She seems completely disinterested in sex with you, but still happy to be a couple and snuggle and such. This tells me that maybe she has lost her sex drive a little, which can happen. I think you would be best to actually talk to her about everything you mentioned above, as it's clear you really care for her and want her to be happy! She will have better answers to your questions than us silly folk on the internet.
do you want to spend the rest of your life ironing her clothes while she pretends to have sex with you?....dont be a floormat....lose this bitch as fast as possible and do not look back....you owe her nothing...you owe yourself happiness...... seriously......move on
Thanks for your replies firstly, I have tried talking cooked her a meal flowers etc and tried to talk but always get the same reply everything is fine it's all in my mind. You maybe right maybe I should walk away but not so easy when your in love with someone I need answers from her before this becomes an option
It doesn't sound like it is all in your mind and everything is alright to me. It sounds like she is just not into it and going through the motions. I have been there and done that before and would never do it again.
It is possible that she is going through menopause after a hysterectomy. It depends on if she retained her ovaries or not (removing them is called an oophorectomy btw) as they are not always removed during a hysterectomy. It is also possible that she is tired of living the wild life, and you are a man that dotes on her, so she feels like she doesn't have to impress you in the bedroom to keep you.

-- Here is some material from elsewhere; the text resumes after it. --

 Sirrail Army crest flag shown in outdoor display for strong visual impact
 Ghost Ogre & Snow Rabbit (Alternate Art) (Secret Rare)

I wouldn't say 'walk away' because you seem to care for her, and this may be something that she cannot control (ie: menopause). You researched going through the change, so it seems like you are really trying to understand what is going on with her. Research 'loss of libido in women' and you will see the numerous possible causes. You could suggest that she go see a doctor to have her hormone and thyroid levels checked, which could rule out/confirm menopause or thyroid problems. There are any number of things that could cause her to lose interest in sex, the hard part is figuring out what it is. If she is unwilling to get a simple blood test to figure out what is going on, she may not be interested in fixing things. Try not to base her emotional feelings on her (lack of) physical response. She may love you deeply, but her hormones could be so out of whack that she cannot enjoy intimacy with you. Talk to her. Good luck.
well i read an article the other day, the female sex drive lowers .02% a month, or something like that, during the course of a relationship. its a chemical thing. whereas the male sex drive really doesn't decrease at all. .... but there is also the chance she loves you, loves everything about you, but you might not please her sexually, either due to your own physical limitations or possibly she isn't being open about what excites her?
that means if they're together for 50 years, her sex drive lowers 12%. i think i could live with that.